June 10, 2016

What Does Living ‘Close’ to Transit Really Mean?

City Lab – New studies suggest proximity to transit is quite flexible and could extend to a mile out.

The question of how far people will walk to reach a transit stop has a pretty significant impact on the shape of cities. American urban planners conventionally draw that line at about a half-mile. Some guidelines pull it back to a quarter-mile, while others adjust the distance for bus stops (typically a quarter-mile) and train stations (typically a half-mile), but the consensus holds that no one makes it farther than half a mile on foot.

The impact of this thinking can be seen clearly in the planning rules a city creates for its transit-oriented development. Take two recent examples: Denver just started a fund to help finance properties built within a half-mile of light rail and a quarter-mile of good bus stops, and the town of Mamaroneck in metro New York just zoned for TOD within a quarter-mile of its commuter rail station. Even as such guidelines encourage urban growth, they also establish a hard edge for it.

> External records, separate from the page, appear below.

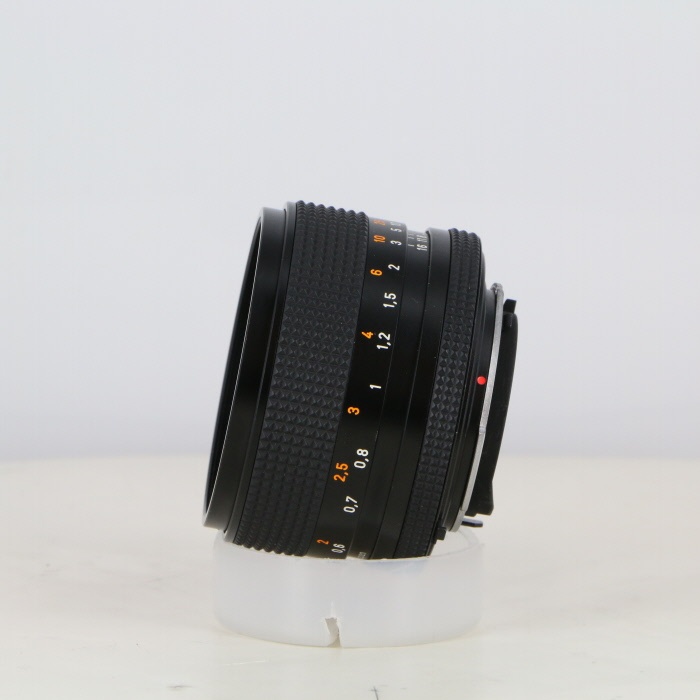 コンタックス T* 50/1.4MM
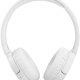 Беспроводные наушники JBL TUNE 660BTNC накладные White изображение №630072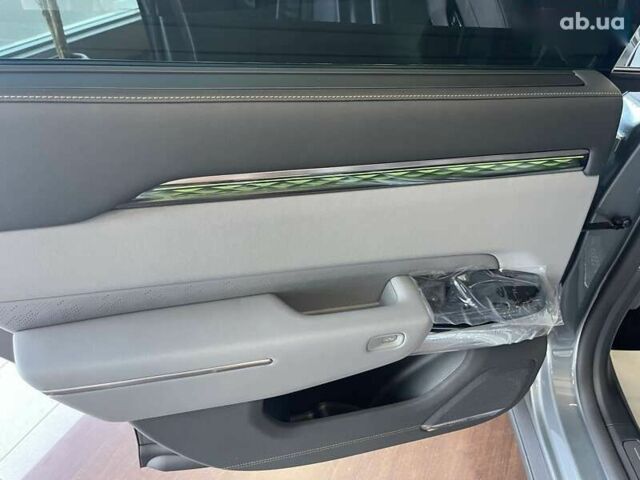 Zeekr 7X, объемом двигателя 0 л и пробегом 1 тыс. км за 46500 $, фото 16 на Automoto.ua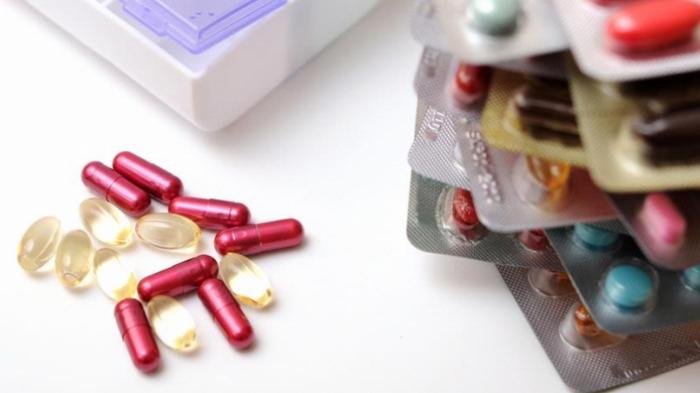 Vitamin Yang Baik Untuk Mencengah Kerontokan Rambut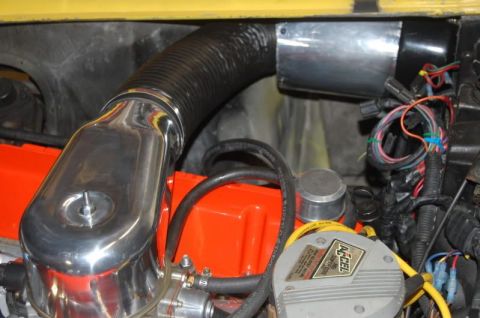 2003 Saab 9-3 photo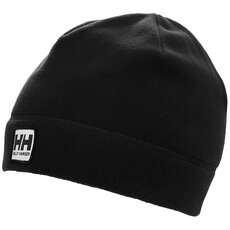 Helly Hansen Berretto In Pile - Nero 67406 Helly Hansen Berretto In Pile - Nero 67406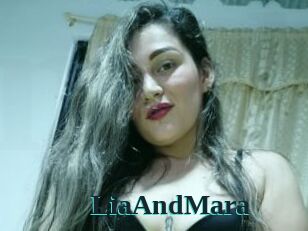 LiaAndMara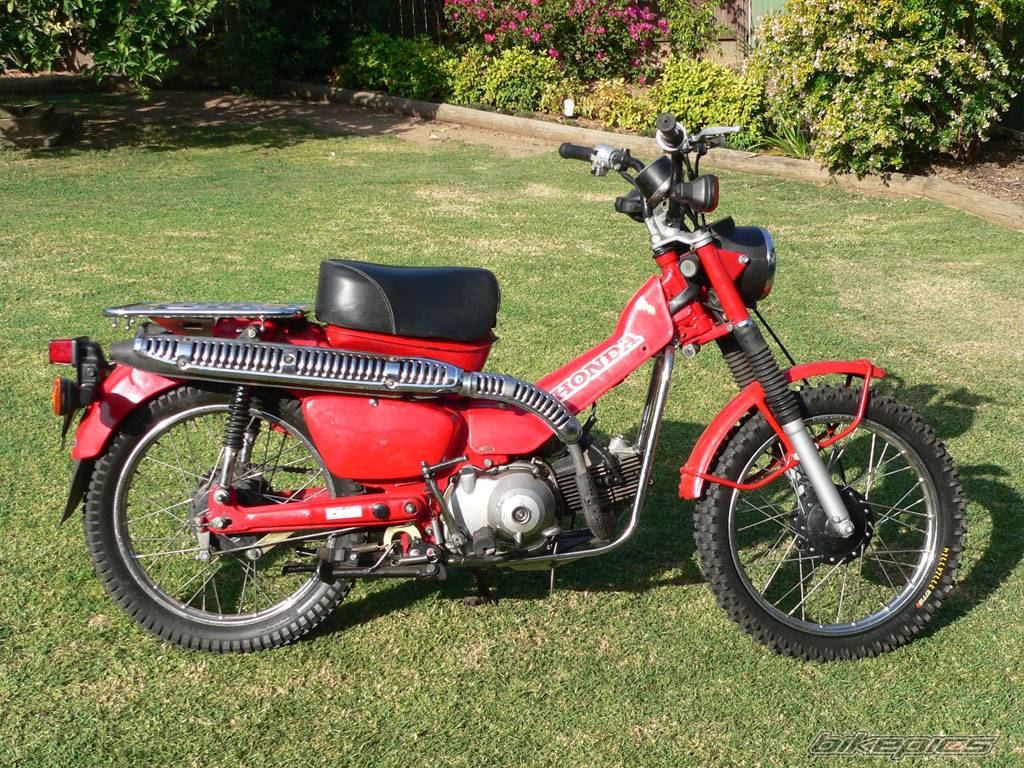 Bike Photo 488167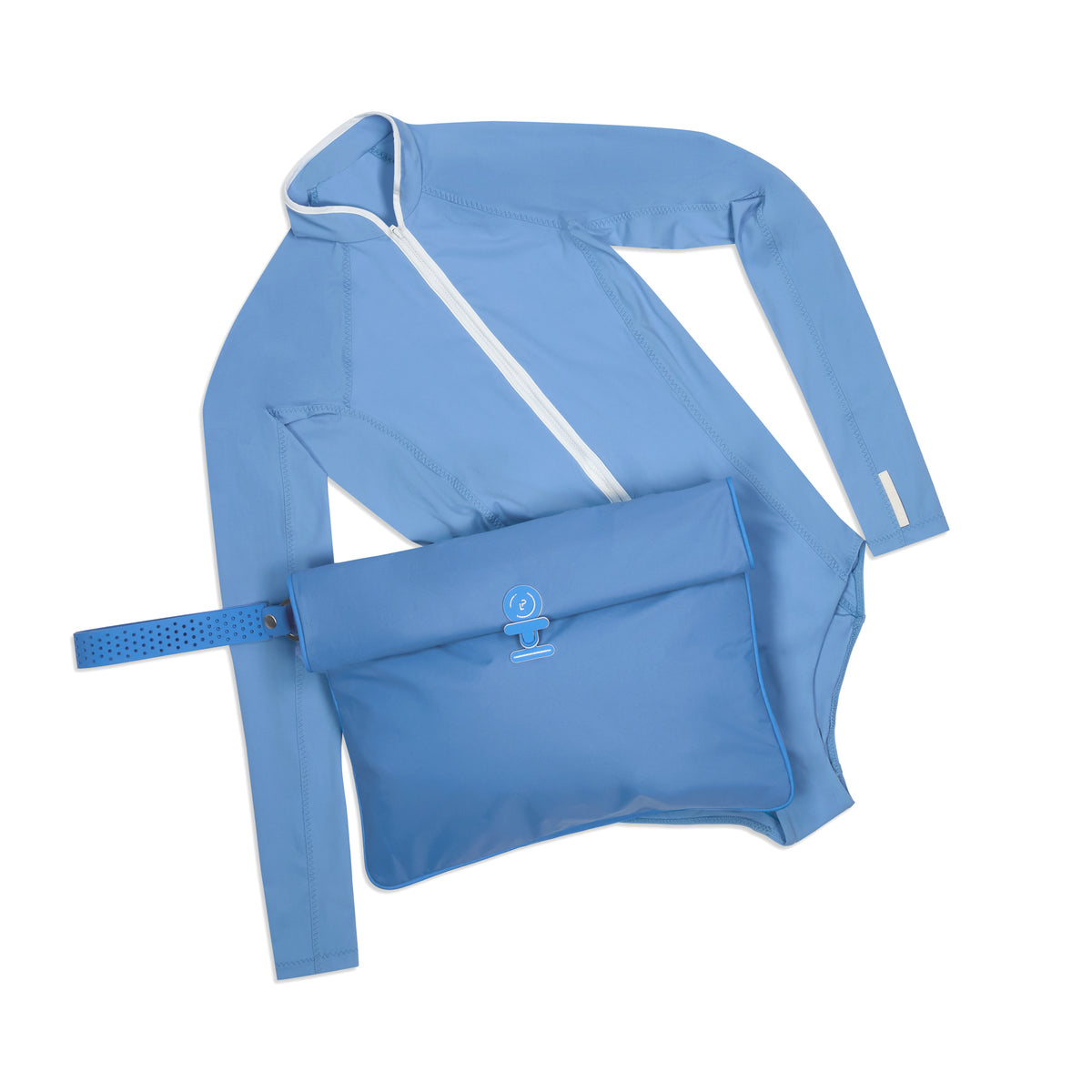 Maxi Wet Bag - Riviera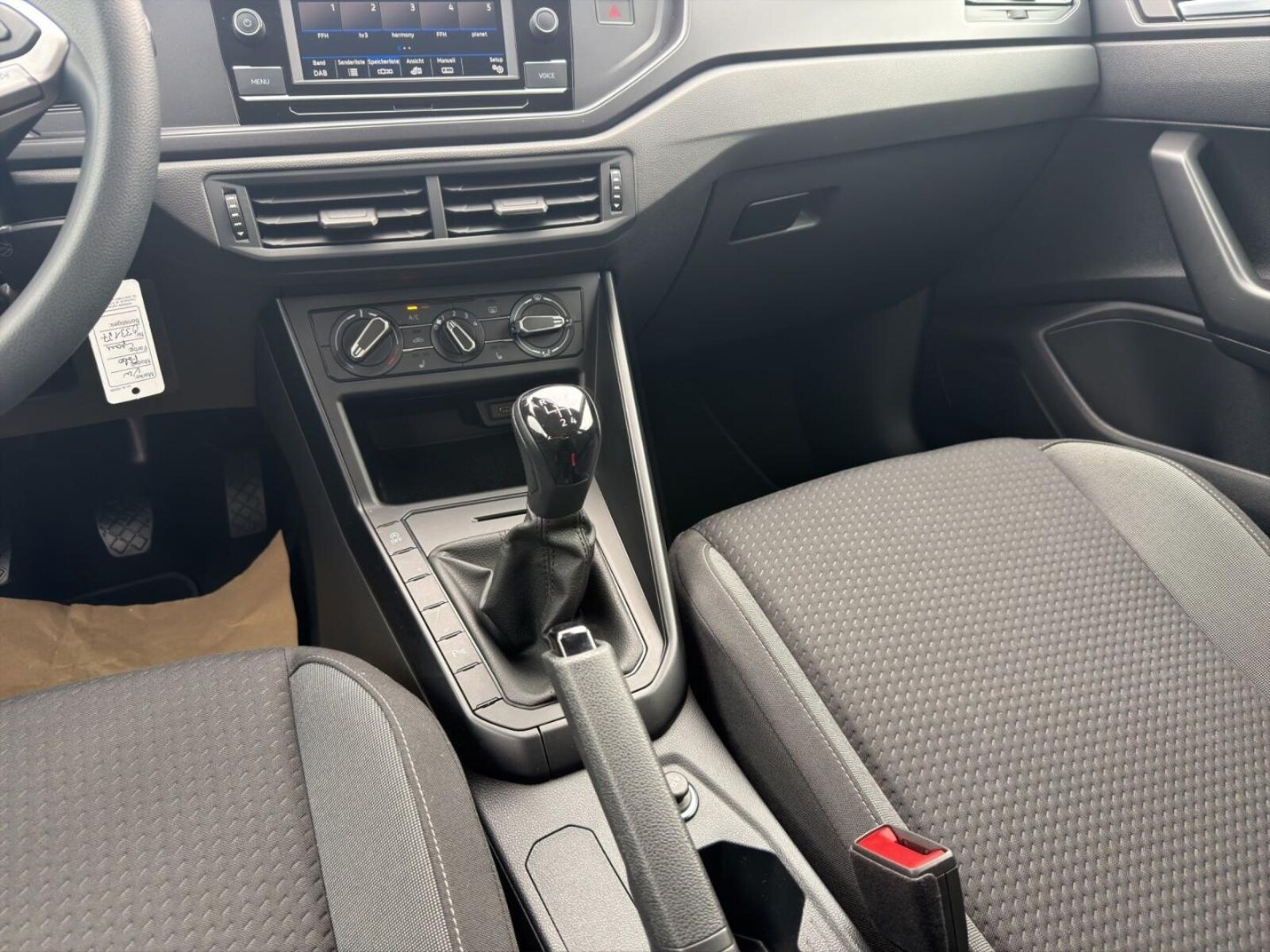 Volkswagen Polo – Bild 8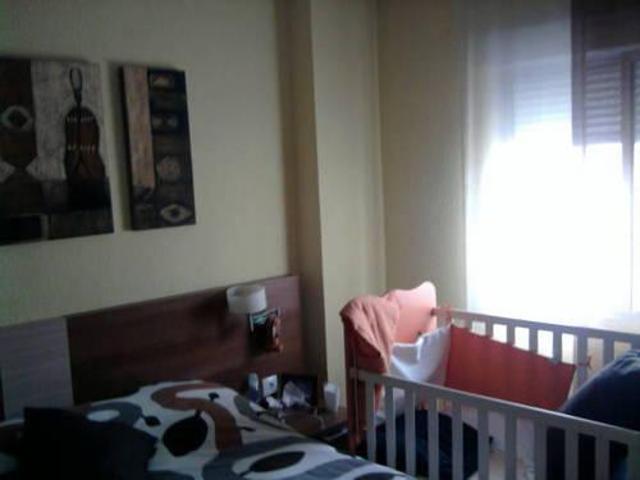 Apartamento en venta en Coria, Extremadura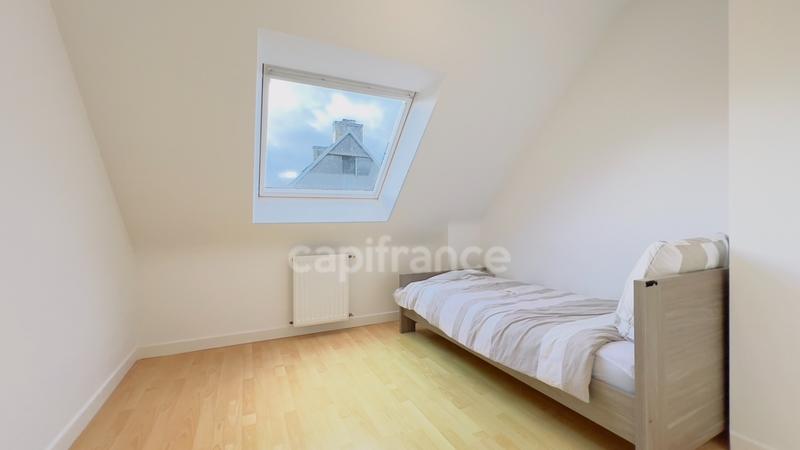 Maison - 122 m² - 6 pièces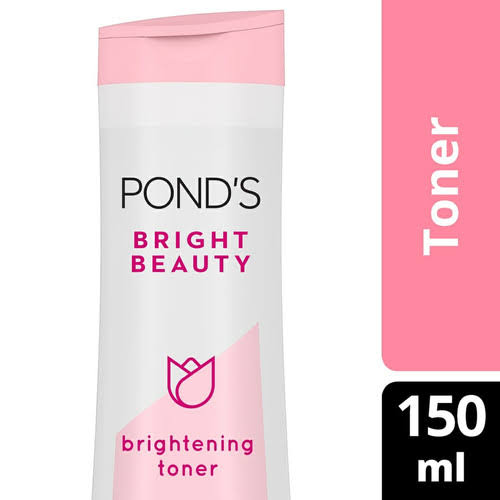 Ponds Toner 150ml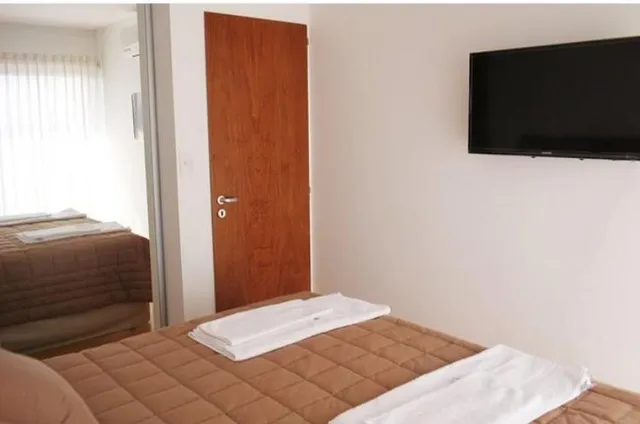 Deptos. Nuevo Belgrano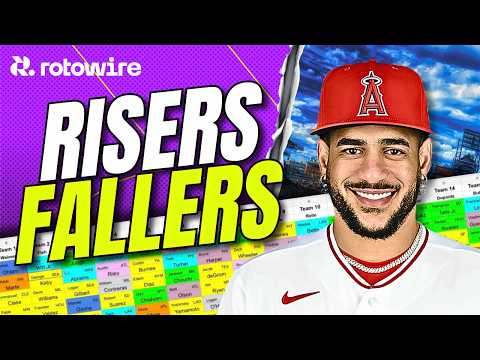 Thumbnail for MLB Prospects: OVERRATED or UNDERRATED (Fantasy Baseball)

New research, set to be presented Monday at the 94th Annual Meeting of the Transportation Research Board, suggests that some cities indeed might be selling their TOD footprint short. A study group led by planning scholar Arthur Nelson of the University of Arizona analyzed the impact that proximity to a light rail station had on office rents in metropolitan Dallas. They found that a quarter of the rent premium (“not a trivial amount,” they submit) extended nearly a mile away from transit.

“I recommend this [a mile] as the TOD planning area for office and related land uses,” Nelson tells CityLab.

As expected, Nelson and company found that rent premiums decreased farther away from a DART station. A quarter of the premium disappeared after a quarter-mile, half disappeared at about .56 miles, and 75 percent had disappeared by .93 miles (below). But that means a quarter of the rent premium extended almost a full mile away from transit—and the researchers detected evidence of a premium as far away as 1.85 miles from light rail stations.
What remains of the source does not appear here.